As diabólicas maquininhas não perdoam ninguém. Ligam-te e você está tomando banho, depois vem o sermão, te liguei “N” vezes, não me atendeu, que que foi, que que há, pior ainda se for a namorada ou a esposa que desconfia, muitas vezes não sem razão, que você esta dando o “nó”. A situação piora quando é a gente que liga e supõem exatamente a mesma coisa.
Operam  maravilhas e não vou descrevê-las,  pode ser que enquanto escrevo ou você lê tenham incluído alguma nova ação aos aparelhos, o que subtrairia a atualidade do texto.

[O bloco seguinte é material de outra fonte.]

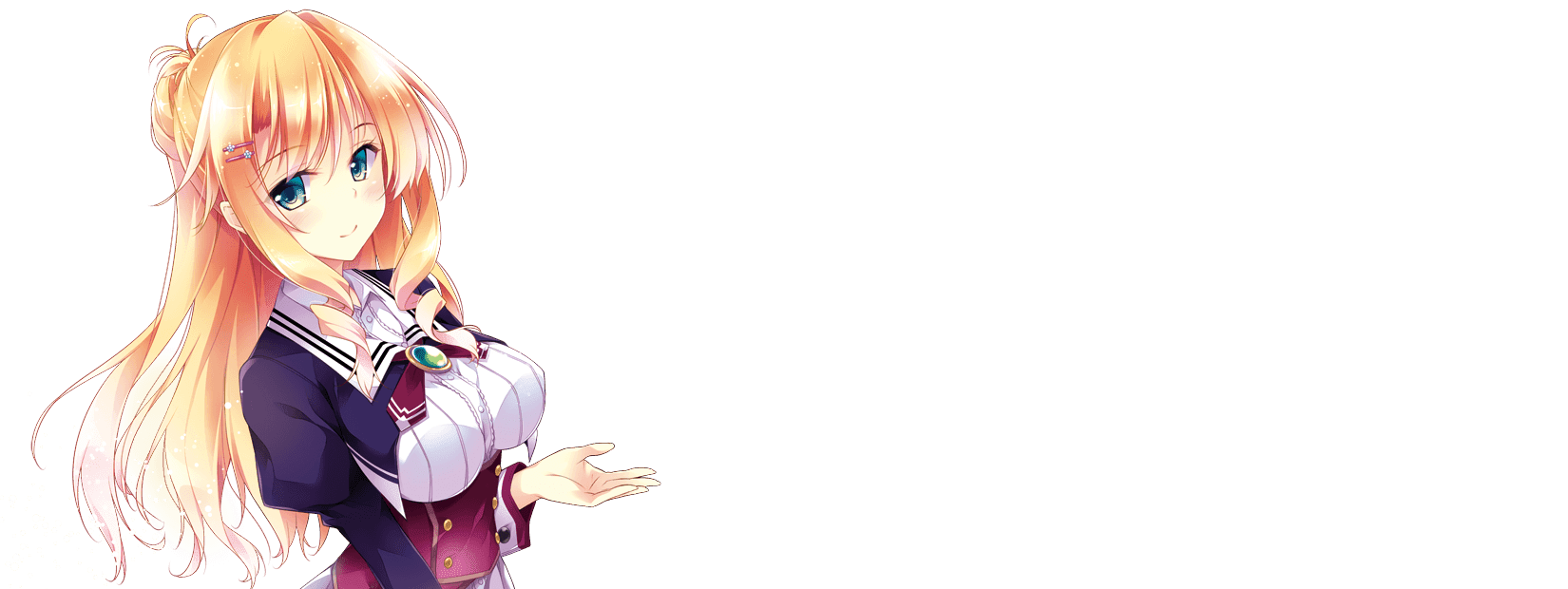 ゴールデンマリッジ
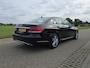Mercedes-Benz E-klasse 350 BlueTEC Prestige Avantgarde - 250 Pk - Euro 6 - Adaptive Cruise Control - MassageStoelen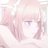 Lilyxmeow's profile image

Antes do celular as pessoas se falavam  bigode a bigode, batom  a batom  ou bigode a batom e, quando  distantes via macaco preto. Hoje, antes de qualquer coisa liga-se para outro individuo pelo celular e gesticula-se como se o outro  nos visse. Eu  inclusive já fui à casa de pessoas e para chama-las precisei apelar para o aparelhinho, a pessoa não me ouvia gritar por ela nem as batidas no portão mas, tocou o celular, atendeu. Doideira pura.

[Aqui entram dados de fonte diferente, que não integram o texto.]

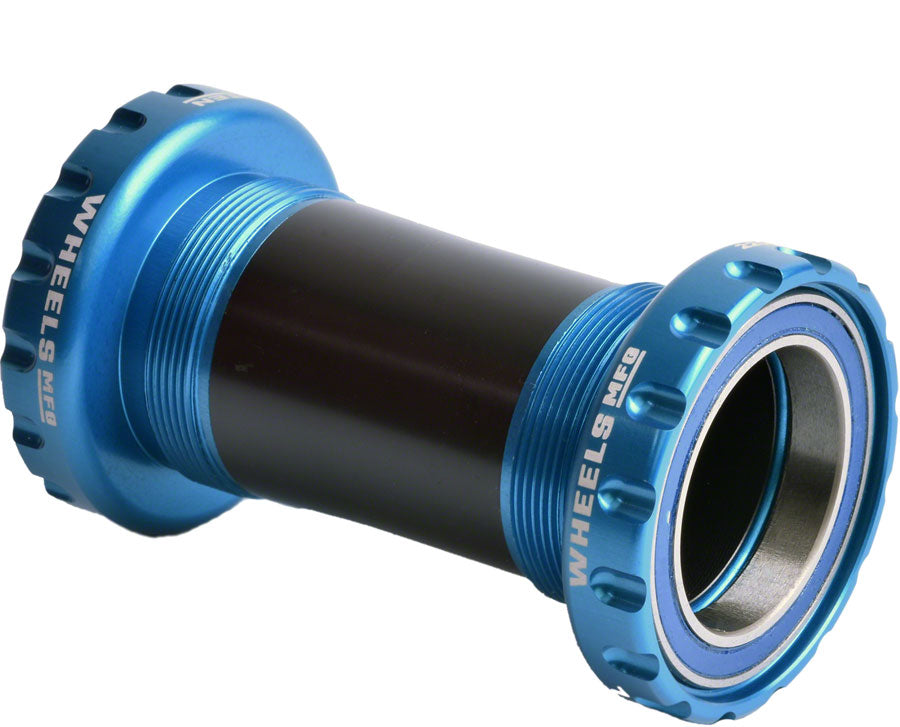 Wheels Manufacturing BSA 30 Bottom Bracket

Não há  lugar onde essa engenhoca faça mais sucesso do que nas penitenciarias. Valem ouro, valem vidas. É de lá que ordenam roubos, mortes, contrabando  e muito mais, só não sabendo  como entram lá, ou melhor, sabem  mas preferem  fingir  ignorar,   neste caso,  as  autoridades. Ou será um caso de tele transporte nos moldes da Enterprise do capitão Kirk, onde eles saem de fora e materializam-se nas celas?  Ficção cientifica?

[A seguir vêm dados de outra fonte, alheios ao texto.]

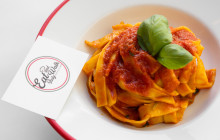 Eat & Walk Italy SRL15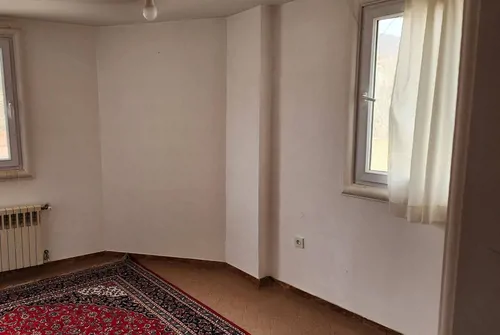 تصویر 9 - خانه رویایی در  قمصر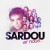 Purchase Sardou Et Nous... Mp3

Quando namorava (Ah! Bons tempos aqueles.)  a coisa era diferente. Funcionava por bilhetinhos, chamados correio elegante que se mandava as minas(Escorreguei no português) e elas respondiam aos manos(De novo, nem existiam), ou verbalmente quando vinham os famosos recadinhos, coisas assim como “aquele cara de camisa preta com pintas da mesma cor quer bater uma caixa contigo”. Coisa horrorosa, mas colava.
Com o celular a coisa mudou. Conseguido o numero basta xavecar e talvez os dois só se encontrem para os finalmente, sem passar pelas prévias, sabe-se tudo um do outro sem nunca encarar-se, ele já sabe até onde ela tem uma tatuagem intima  e ela tudo sobre o maluco.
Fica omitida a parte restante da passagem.